The Anti-Defamation League, apparently, thinks differently. On their newly released list, the Olympic brouhaha clocks in at number eight, right between “Primary Presidential Candidates Mix Religion and Politics” and “U.S. Jewish Community on Alert As Year Begins, Ends with Anti-Semitic Incidents.” That last entry, in its mixture of real threat (“the January 11 firebombing of Congregation Beth El in Rutherford”) and ephemera (a menorah at Northeastern University, it seems, was vandalized), is typical of the list as a whole.
Because, to be clear, I am not saying the Munich athletes did not deserve a moment of silence. They did, and shame on the International Olympic Committee.
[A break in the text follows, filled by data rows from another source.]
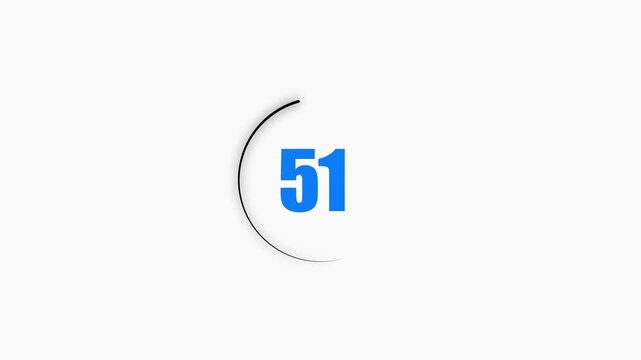 56 seconds countdown timer black color circle animation with transparent white background. Abstract beautiful countdown icon blue from 56 seconds to 0 seconds. 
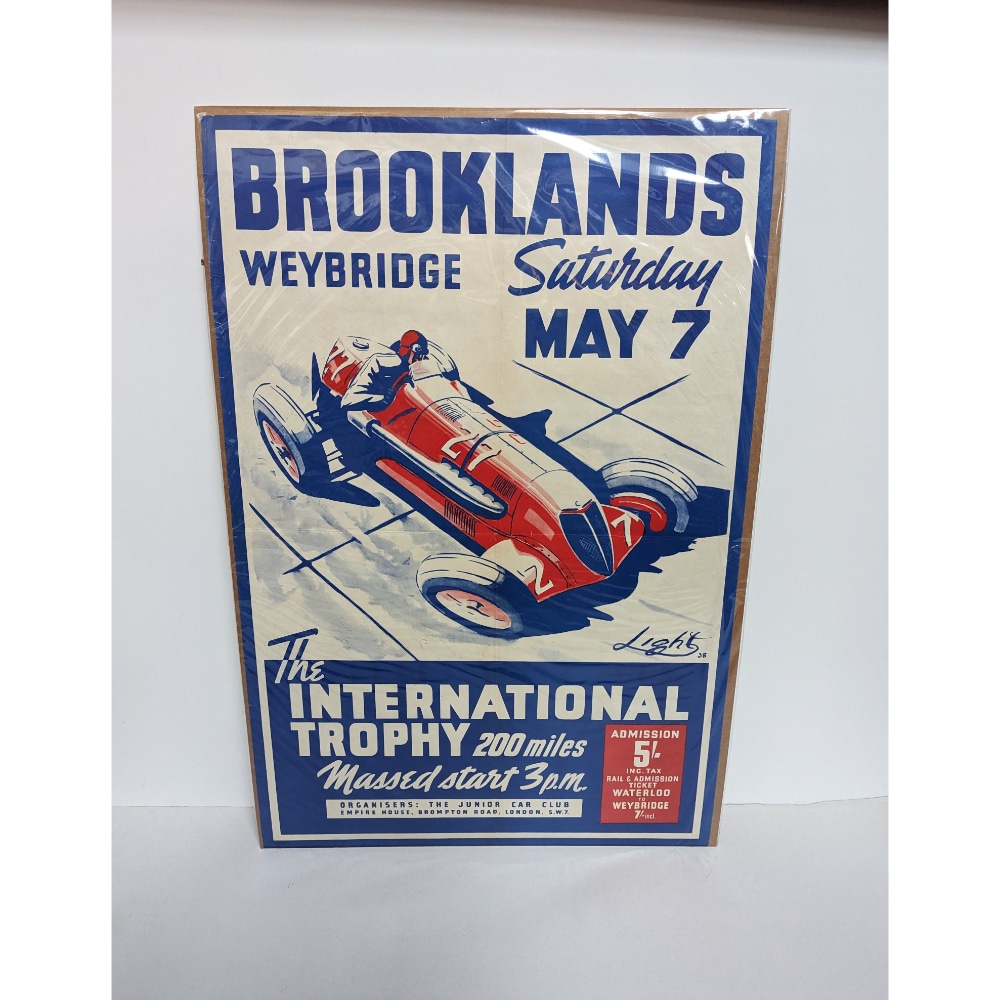 Original Vintage Brooklands International Trophy 1938 Poster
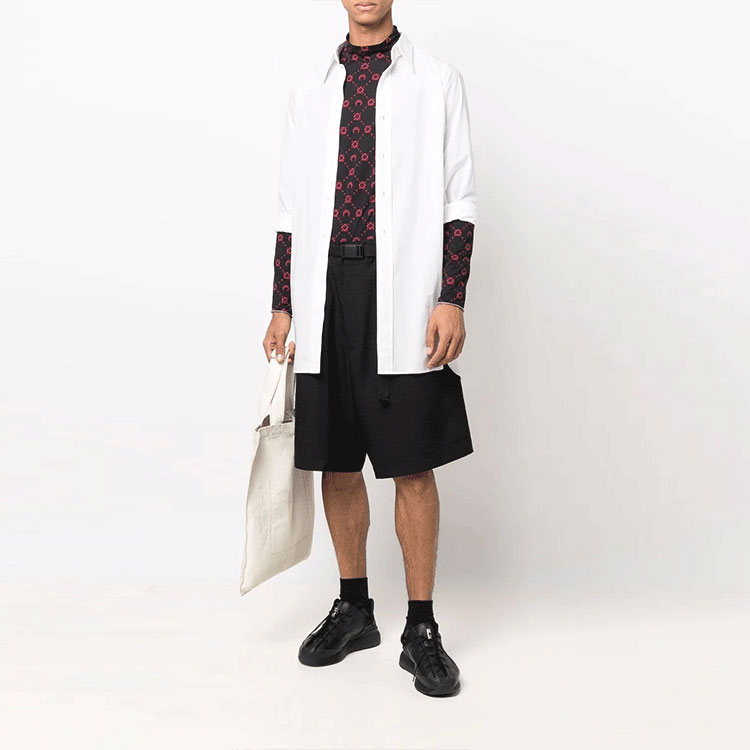 Lookbook Y-3 SS21 Black Wide-Leg Knee-Length Bermuda Shorts HG8600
I am saying that, when the unabashedly anti-Semitic Jobbik party wins 16 percent of Hungarian voters, and Jobbik MP Márton Gyöngyösi calls for a list of Jews in the Hungarian government, surging European anti-Semitism (number one) should not have to share a list with the I.O.C. The first, for Hungary’s roughly 100,000 Jews, is deadly serious; an Orthodox rabbi I heard speak said that when he finds a job abroad, “I will be gone in ten minutes.” The missing moment of silence, by contrast, is symbolic politics.
And here’s what really gets me. When the ADL mixes serious, weighty trends with these teapot tempests, they ignore real Jewish issues. Yes, “Kennedy's celebrated speech on separation of church and state” made Rick Santorum “want to throw up.” No, I do not think that signals a threat to the future of Jewish religious liberty. You know what threatens Jewish religious liberty? That Reform rabbis still cannot perform conversions in Israel, and that the Chief Rabbinate still monopolizes certifications of Jerusalem restaurants as “kosher.” Sure, conspiracy theories about the supposedly Jewish backers of the “Innocence of Muslims” are terrible—but in September 2008, when the Clarion Fund, a shadowy political group linked to Orthodox outreach group Aish Hatorah, actually did produce an Islamophobic movie and mail it to 28 million swing-state voters, why didn’t that make the ADL’s top ten? I am sorry about the vandalized menorah, but frankly, I am more concerned about the Jews who beat four Palestinian teenagers half to death this summer in Jerusalem.
In other words: Why, sixty years into the era of Jewish statehood, do eight out of ten of the ADL’s issues feature Jews as passive objects?
Thank God, Jews control our own destinies in America and Israel. Including our persecution with Hungarian Jews’ isn’t just indecent to them—it’s dishonest about us. I am a Zionist and an American patriot because I believe that Jews should not have to live as they do in Hungary, stashing their yarmulkes in their pockets and living at the mercy of right-wing thugs. But I am also a Zionist because I care about how we affect issues, not just how they affect us.
As I light my Hannukah candles this evening, celebrating the Maccabee warriors and their holiday of Jewish power (and thus Jewish responsibility), I invite the ADL to join me.